Do we have children because we have wealth and need someone to inherit it? Or is it because we have nothing, and hope that a child will care for us in old age? These two questions—seemingly opposite—have existed quietly in the hearts of families across generations. But the truth is, neither of them alone captures the complete reason why human beings bring children into this world. Inheritance and care may be outcomes, but not the essence.
In families that possess property, assets, or legacies, the presence of a child often becomes symbolic of continuity. There is comfort in knowing that the fruits of one’s labor—land, businesses, homes, memories—will not vanish into anonymity. A child becomes not just a legal heir, but an emotional one, carrying forward values, rituals, and a family’s story. For many, this continuity gives meaning to decades of sacrifice and hard work. The property is not just material—it’s soaked in emotions, in memories of parents who built it brick by brick, and a child offers the chance for that essence to live on.
But what about those who have no such wealth? In such homes, the presence of a child is rarely about estate planning. Instead, it is rooted in a quiet longing for connection, support, and shared humanity. In the absence of material safety nets, a child becomes emotional wealth—a relationship that promises to walk with them through the uncertainties of aging. It is not about expecting duty or repayment, but about hope. Hope that someone will care, not just physically but emotionally, when their own steps begin to slow. That someone will remember them with affection when the world grows quieter.
Beyond property and dependence lies something deeper—a spiritual and human desire to love, to nurture, and to be part of something greater than oneself. Children, at their best, are not retirement plans or asset managers. They are stories yet to be written, eyes full of new dreams, and hearts beating with fresh possibilities. Having a child is often a soul's yearning to express love in its most selfless form. A parent feeds before eating, sacrifices without fanfare, and dreams not for themselves but for someone else entirely. It is in that act of surrender that the spiritual dimension of parenting quietly unfolds.
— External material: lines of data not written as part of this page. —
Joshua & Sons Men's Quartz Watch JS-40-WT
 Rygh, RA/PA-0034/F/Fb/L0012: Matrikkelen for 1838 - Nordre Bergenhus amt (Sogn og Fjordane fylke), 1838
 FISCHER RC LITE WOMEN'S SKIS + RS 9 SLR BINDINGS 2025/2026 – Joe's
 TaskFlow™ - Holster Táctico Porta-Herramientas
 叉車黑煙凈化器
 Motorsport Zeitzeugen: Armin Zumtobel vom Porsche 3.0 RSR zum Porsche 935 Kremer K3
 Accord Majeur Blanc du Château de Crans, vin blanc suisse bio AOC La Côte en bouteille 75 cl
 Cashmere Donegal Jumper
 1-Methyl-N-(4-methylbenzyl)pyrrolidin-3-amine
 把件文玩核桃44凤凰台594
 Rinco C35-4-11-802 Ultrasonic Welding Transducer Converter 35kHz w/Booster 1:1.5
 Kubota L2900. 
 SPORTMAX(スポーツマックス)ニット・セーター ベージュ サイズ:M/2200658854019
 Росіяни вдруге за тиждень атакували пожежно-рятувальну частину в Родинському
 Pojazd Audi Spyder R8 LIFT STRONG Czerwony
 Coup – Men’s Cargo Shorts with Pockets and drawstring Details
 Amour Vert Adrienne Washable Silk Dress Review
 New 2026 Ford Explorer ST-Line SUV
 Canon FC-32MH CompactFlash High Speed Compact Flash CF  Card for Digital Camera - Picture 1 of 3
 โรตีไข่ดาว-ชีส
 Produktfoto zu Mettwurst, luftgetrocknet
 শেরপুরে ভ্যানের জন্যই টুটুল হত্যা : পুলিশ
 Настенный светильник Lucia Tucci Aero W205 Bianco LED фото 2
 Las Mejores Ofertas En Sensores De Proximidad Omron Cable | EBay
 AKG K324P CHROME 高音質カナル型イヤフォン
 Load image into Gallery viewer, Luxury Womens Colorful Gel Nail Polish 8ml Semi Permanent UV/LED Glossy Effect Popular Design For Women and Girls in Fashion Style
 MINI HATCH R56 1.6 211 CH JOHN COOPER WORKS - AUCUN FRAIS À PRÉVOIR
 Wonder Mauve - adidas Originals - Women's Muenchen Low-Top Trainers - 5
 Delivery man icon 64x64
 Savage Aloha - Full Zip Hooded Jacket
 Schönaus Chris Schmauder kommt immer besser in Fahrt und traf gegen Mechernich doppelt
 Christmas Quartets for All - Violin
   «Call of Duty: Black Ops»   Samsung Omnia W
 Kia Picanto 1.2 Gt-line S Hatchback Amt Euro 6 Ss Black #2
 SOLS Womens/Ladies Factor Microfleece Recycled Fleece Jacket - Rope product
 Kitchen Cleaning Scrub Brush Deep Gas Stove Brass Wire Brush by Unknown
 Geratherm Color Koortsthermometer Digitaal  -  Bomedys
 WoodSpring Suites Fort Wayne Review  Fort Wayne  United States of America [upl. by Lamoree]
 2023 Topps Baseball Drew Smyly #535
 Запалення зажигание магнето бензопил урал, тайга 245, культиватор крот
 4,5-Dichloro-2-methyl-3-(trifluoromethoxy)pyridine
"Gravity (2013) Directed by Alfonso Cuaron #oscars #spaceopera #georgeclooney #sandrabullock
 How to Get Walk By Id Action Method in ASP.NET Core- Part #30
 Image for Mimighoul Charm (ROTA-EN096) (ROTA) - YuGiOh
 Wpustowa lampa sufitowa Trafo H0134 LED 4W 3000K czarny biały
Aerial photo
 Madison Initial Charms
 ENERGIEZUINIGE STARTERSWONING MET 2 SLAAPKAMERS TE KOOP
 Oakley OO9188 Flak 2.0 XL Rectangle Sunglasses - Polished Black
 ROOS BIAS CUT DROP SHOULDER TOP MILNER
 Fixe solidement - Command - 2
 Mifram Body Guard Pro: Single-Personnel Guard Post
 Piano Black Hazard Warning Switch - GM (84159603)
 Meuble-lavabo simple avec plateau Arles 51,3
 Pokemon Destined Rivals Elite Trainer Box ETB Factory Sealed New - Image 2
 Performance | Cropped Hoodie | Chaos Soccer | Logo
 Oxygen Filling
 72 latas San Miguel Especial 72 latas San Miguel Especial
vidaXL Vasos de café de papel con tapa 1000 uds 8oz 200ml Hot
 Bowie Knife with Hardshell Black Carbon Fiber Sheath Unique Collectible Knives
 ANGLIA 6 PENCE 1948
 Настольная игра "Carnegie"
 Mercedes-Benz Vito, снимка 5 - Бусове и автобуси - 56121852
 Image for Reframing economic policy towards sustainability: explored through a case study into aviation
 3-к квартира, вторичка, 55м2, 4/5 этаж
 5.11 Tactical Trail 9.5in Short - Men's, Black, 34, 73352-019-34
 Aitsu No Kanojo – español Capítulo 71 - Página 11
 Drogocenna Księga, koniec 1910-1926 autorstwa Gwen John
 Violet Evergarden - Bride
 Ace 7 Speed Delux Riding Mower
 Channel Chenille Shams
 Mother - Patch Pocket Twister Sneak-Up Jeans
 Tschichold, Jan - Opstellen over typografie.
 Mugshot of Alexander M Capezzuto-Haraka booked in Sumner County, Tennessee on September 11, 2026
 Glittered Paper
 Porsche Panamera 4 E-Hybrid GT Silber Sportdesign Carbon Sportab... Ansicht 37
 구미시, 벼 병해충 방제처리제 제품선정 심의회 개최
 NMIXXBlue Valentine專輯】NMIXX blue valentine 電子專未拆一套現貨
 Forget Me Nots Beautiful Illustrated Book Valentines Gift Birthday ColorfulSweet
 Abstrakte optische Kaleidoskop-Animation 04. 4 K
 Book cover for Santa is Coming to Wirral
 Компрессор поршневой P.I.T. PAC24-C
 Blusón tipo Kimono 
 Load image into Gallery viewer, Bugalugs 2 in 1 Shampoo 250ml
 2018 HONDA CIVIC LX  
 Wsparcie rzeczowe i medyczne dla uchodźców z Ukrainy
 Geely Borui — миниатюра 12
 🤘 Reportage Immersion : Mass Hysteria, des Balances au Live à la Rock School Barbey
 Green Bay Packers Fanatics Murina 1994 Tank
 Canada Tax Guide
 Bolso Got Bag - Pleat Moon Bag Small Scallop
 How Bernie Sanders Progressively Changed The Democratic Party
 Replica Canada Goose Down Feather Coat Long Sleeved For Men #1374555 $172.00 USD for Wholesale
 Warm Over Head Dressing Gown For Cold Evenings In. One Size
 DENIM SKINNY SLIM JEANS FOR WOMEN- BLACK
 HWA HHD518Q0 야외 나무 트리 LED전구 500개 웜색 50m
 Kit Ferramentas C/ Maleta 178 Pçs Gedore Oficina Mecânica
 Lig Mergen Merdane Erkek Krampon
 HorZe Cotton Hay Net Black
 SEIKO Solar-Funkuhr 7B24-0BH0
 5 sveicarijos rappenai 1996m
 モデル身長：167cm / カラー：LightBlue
In many traditions, raising a child is considered a form of dharma—a sacred duty. Not to bind the child with expectations, but to guide them gently into becoming their best self. It teaches patience, humility, and compassion. In giving to a child without expecting anything in return, a parent experiences a kind of emotional purity that few other relationships can offer. Whether one has wealth or nothing at all, the act of parenting transforms a person’s heart in ways no possession can.
Modern society often reduces children to either a burden or an asset. But children are neither. They are people, individual souls, with their own destinies, whose lives intertwine with ours for a brief and beautiful span of time. To think we need children only to guard our property or push our wheelchairs is to miss the sacredness of this bond.
And yet, the reality remains—aging is inevitable. Wealth may or may not stay. Bodies will weaken, and people will fade. In those moments, the comfort of having a hand to hold, a word of comfort, or simply someone to sit beside you silently, becomes more valuable than any gold. It is in those silent exchanges—where no duty is spoken but love flows freely—that the real purpose of having a child may quietly reveal itself.
So, do we need children? Not for the house, or the land, or the bank balance. Not even because we are afraid of growing old. We may need children because in them we rediscover our capacity to love deeply, to serve without counting, and to become a little less selfish, a little more whole.
That is why, regardless of property or poverty, people still yearn to bring children into the world—not as a backup plan, but as a living extension of their love, their dreams, and their unspoken prayers. And that, perhaps, is reason enough.